Report every line of the records below that includes the string "Ford".

[Start of Attachment]

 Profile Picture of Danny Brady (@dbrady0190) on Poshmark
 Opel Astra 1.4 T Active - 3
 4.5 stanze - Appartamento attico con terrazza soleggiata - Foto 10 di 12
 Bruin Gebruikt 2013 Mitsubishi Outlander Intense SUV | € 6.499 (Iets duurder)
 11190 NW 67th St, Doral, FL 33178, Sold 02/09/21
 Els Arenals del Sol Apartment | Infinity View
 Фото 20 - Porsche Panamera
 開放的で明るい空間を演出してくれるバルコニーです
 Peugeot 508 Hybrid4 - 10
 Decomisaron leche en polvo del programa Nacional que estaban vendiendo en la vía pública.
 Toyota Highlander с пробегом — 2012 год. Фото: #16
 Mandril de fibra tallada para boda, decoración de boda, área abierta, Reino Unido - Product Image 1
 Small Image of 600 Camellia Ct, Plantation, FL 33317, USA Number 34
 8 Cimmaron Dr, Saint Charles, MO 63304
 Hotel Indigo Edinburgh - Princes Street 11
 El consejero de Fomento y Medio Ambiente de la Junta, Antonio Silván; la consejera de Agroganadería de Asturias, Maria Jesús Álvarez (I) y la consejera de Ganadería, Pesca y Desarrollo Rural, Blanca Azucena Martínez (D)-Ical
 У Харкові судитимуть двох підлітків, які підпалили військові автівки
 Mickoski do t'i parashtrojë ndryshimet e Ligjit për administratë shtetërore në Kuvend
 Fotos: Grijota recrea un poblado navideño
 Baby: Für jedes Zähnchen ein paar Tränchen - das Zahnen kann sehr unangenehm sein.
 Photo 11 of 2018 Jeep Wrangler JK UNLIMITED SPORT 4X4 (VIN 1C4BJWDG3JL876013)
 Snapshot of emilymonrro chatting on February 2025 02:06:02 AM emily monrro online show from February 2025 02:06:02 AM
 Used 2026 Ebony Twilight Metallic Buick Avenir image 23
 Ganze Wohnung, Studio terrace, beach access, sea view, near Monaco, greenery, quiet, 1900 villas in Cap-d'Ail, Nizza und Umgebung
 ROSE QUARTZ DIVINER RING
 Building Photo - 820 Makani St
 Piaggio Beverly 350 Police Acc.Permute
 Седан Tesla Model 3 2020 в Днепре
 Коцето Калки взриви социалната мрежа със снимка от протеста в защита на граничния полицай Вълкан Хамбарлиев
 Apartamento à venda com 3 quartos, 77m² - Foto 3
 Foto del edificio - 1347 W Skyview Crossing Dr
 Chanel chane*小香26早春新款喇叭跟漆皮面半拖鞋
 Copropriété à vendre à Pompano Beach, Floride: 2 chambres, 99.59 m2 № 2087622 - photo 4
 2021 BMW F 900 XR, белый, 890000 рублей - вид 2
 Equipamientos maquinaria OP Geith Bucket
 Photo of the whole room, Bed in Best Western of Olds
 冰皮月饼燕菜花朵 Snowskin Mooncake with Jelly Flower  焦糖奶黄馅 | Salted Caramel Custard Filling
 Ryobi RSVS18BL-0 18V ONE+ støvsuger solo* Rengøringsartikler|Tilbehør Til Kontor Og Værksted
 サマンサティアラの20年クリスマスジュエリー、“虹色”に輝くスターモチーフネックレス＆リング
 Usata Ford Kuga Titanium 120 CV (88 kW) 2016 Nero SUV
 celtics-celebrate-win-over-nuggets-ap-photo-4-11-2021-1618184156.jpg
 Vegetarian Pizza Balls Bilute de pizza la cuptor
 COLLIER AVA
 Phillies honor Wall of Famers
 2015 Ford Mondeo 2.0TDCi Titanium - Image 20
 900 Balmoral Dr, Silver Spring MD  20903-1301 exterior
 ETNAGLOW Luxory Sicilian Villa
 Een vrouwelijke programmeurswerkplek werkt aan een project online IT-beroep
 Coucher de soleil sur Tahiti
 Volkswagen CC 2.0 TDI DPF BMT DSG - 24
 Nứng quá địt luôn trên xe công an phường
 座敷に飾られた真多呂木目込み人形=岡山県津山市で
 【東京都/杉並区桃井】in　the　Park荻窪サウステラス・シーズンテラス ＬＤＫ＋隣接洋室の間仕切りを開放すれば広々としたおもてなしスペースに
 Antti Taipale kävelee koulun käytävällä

[End of Attachment]

**Output of the exercise**
 Usata Ford Kuga Titanium 120 CV (88 kW) 2016 Nero SUV
 2015 Ford Mondeo 2.0TDCi Titanium - Image 20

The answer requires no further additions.